Philosophy Society 2013-2014
Guy Kahane (Oxford)
History and Non-Identity
When we look back at history, we find a long list of calamities—horrific violence, barbarity and catastrophe. When we look back at these past tragedies, we cannot help but feel sadness and regret. By contrast, most of us are glad that we, and those we care about, exist. But on reflection, we can see that these two attitudes are in tension. If things had taken a different, and better turn, and these past tragedies were somehow averted, then you and I would almost certainly not be here. If we regret past tragedies, can we still be glad that we exist? And if we are glad that we exist, must we stop regretting even the most horrific of past evils?

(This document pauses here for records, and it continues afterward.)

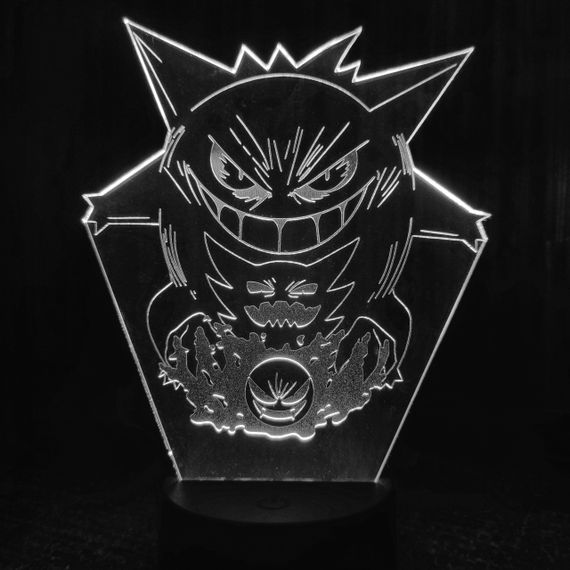 Акриловый светильник-ночник Покемон Генгар белый tty-n001245
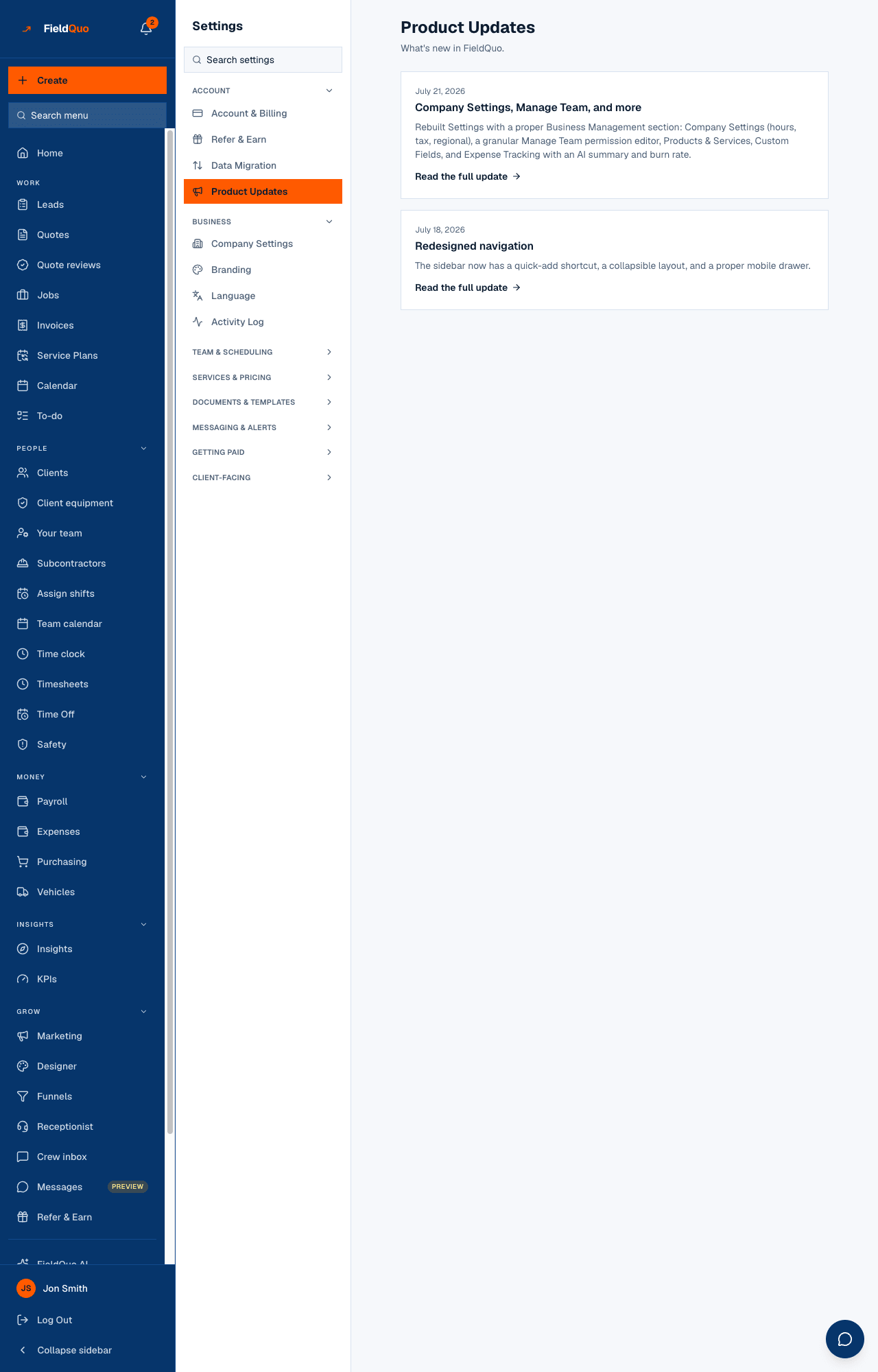 Settings → Product Updates — the dated cards, each with its summary and Read the full update where a write-up exists.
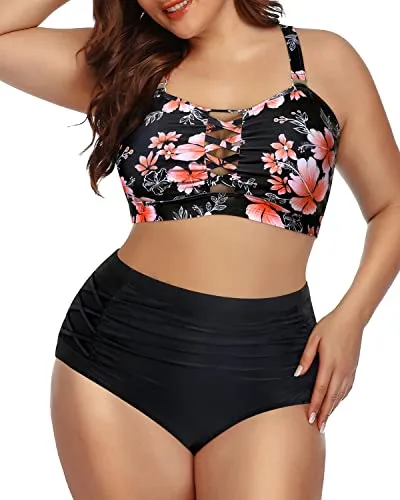 Attractive Hollow Out Plus Size Bikini Lace Up Front-Pink Flower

Leibniz first drew attention to this tension, and it has been discussed more recently by Robert Adams and Saul Smilansky. In a sense, it’s an instance of Parfit’s non-identity problem, applied to the past instead of the future. In this talk, I will explain how this tension arises, and show that it merely reflects an even deeper problem inherent in history itself: when we think of one possible course of history as better than another, and when we ascribe value or significance to actual historical events, our claims are ambiguous between conflicting impersonal and person-affecting senses. But the impersonal perspective leads to an absurd and unpleasant view of the past. And on a person-affecting perspective—a perspective that cares for the people who had actually lived, loved, and suffered—there is only a limited way in which the past could have been better. I will end with remarks relating this problem to the question of why and how history matters.